To air the portions of the Games being shown on the two cable networks,
NBC mandated that Harkins purchase a station called Value Vision. Further,
Harkins would have had to sign an eight-year contract with the new station.
“We were going to have to buy more,” Harkins said. “And that would have
meant a rate hike for our customers.
“I was trying to do what’s best for
the masses. Basically, what (NBC) is doing is like blackmail.”
That so
because the network, which did not respond to attempts for comment, tied its
willingness to give island residents full Olympic coverage with the cable
companies’ agreement to buy more product.
It is a similar situation,
Harkins said, to the one recently unfolded by The Disney Channel. The cable
channel, a premium station for years, decided to take itself off the docket as
a premium selection.
“It was either add Disney to your basic channel list,
or lose it,” Harkins said. “So I went around and asked each first-grade class.

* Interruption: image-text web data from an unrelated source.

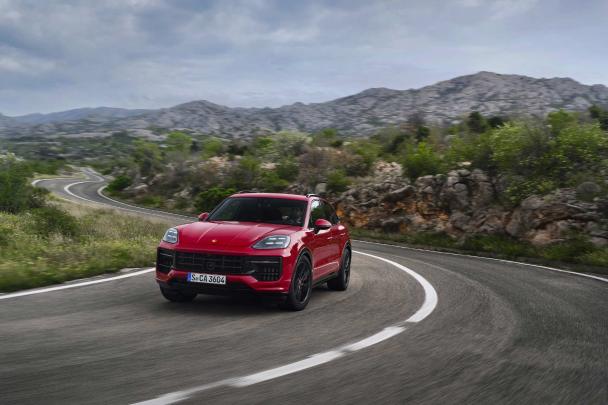 Porsche Cayenne GTS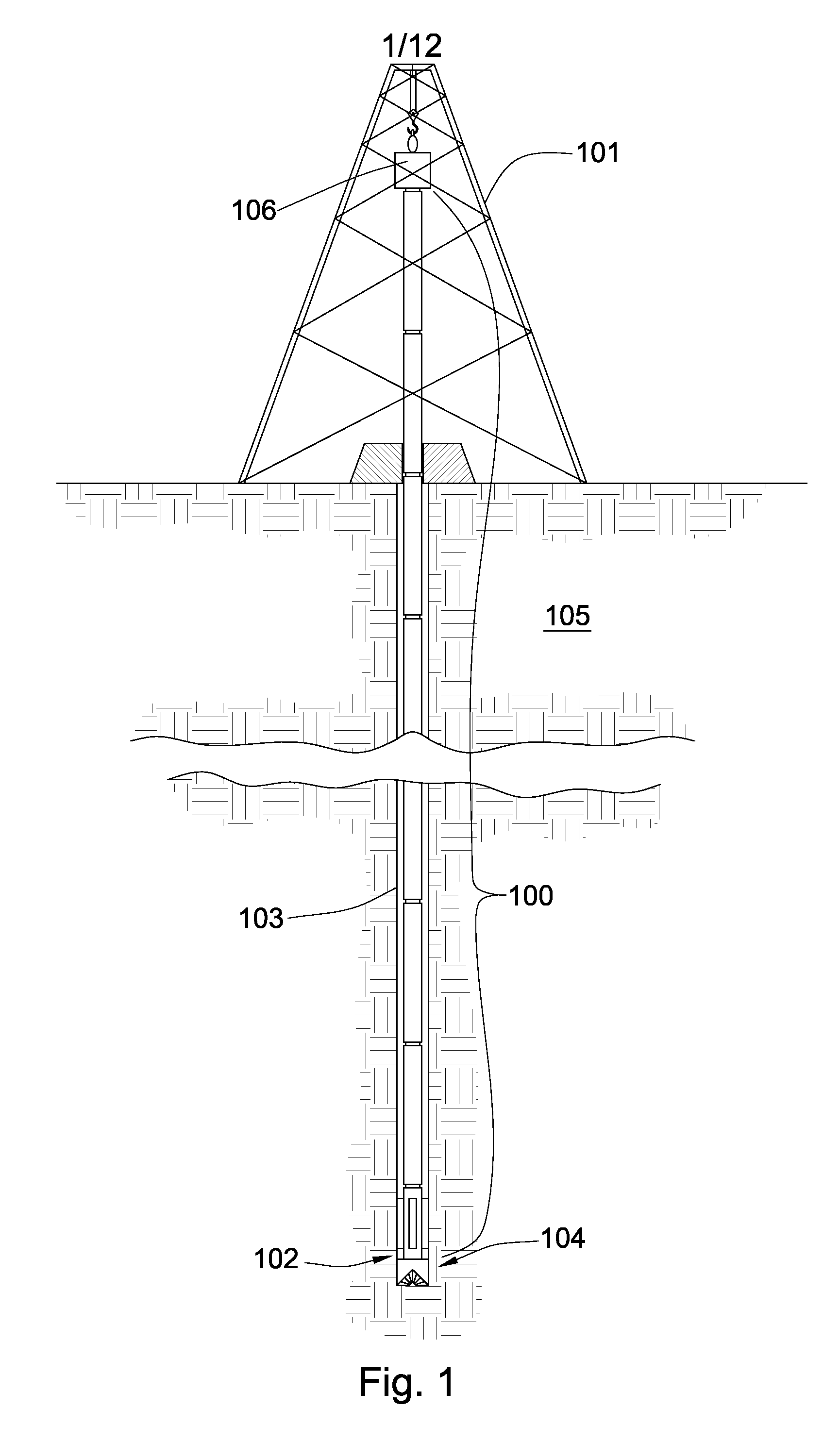 Pointed Diamond Working Ends on a Shear Bit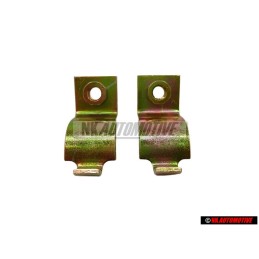 2x Original VW Front Anti Roll Bar Inner Clamp - 191411334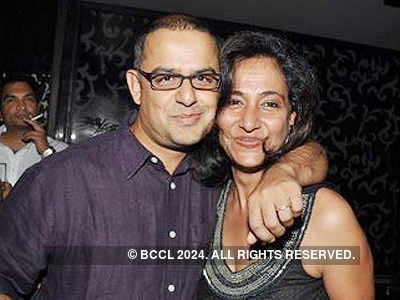 Shalini Kocchar's b'day bash 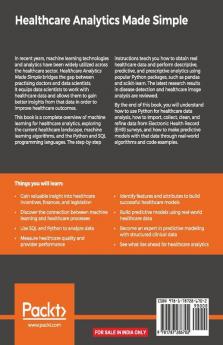 Healthcare Analytics Made Simple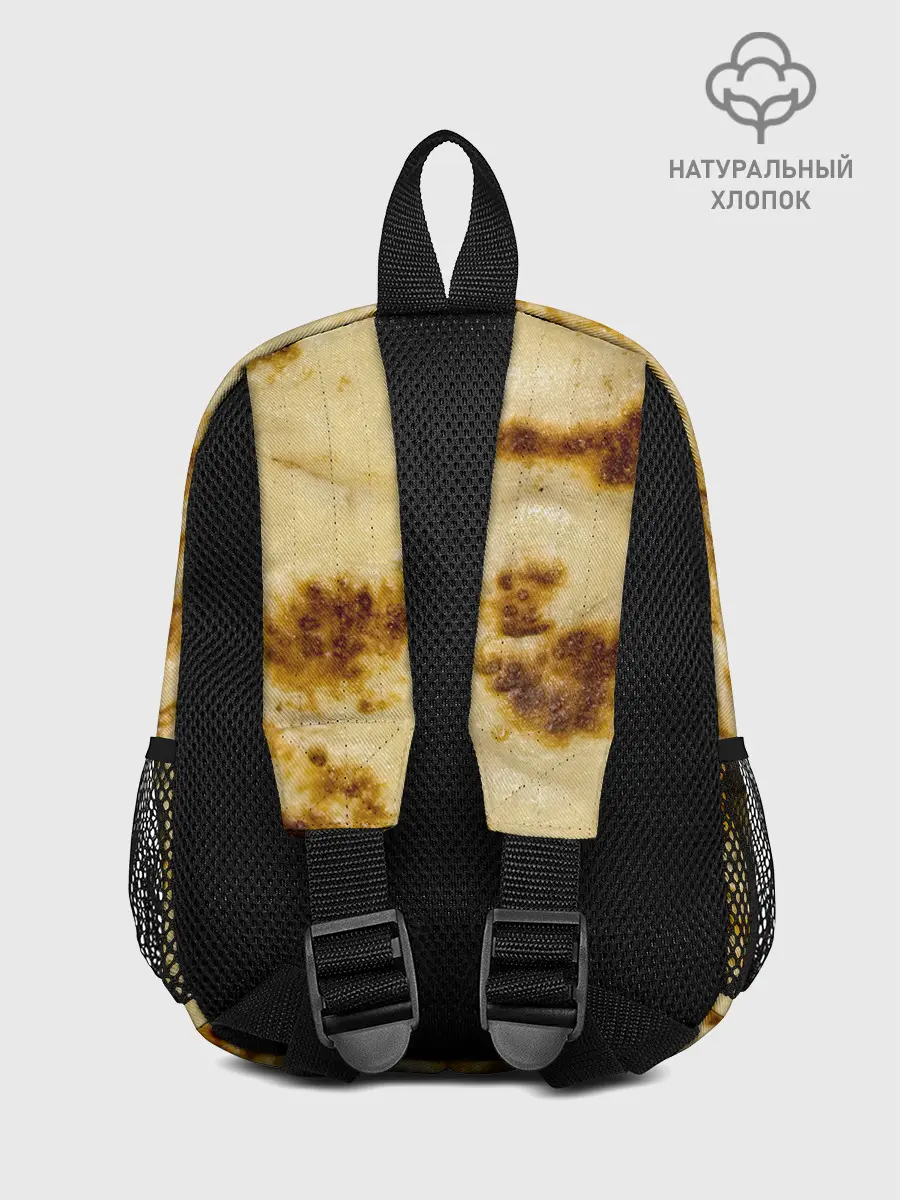 Рюкзак детский / Жареный блин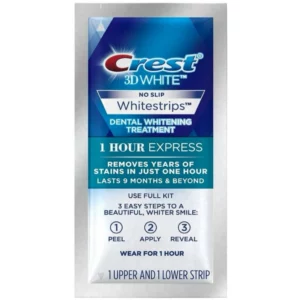 Crest 1 Hour Express Whitestrips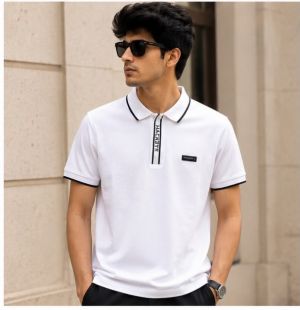 HACKET WHITE BLACK PREMIUM IMPORTED TSHIRT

I realized, in that situation, it was best to add the channel.
“That wasn’t
the case with the Olympic stuff.”
Kaua’i viewers do stand to miss a
sizeable chunk of coverage, including the highly publicized team sports of
basketball, baseball and soccer. Those events air on MSNBC. Non-traditional
sports like fencing, weightlifting and cycling are broadcast on CNBC.
“I
haven’t gotten too many calls on it,” Harkins said. “But I know there are
people who want to be able to see it.”
Including Harkins. Garden Isle
Telecommunications sponsors a local girls’ soccer team, making it even harder
on Harkins.
“I like women’s soccer, and it’s hard to make a decision like
this,” Harkins said. “But somebody has to put their foot down, or these
companies can just keep buying stations, forcing cable companies to pay for
them and, in turn, forcing us to raise rates.”
A call to the Federal Trade
Commission in Washington D.C. also went unreturned.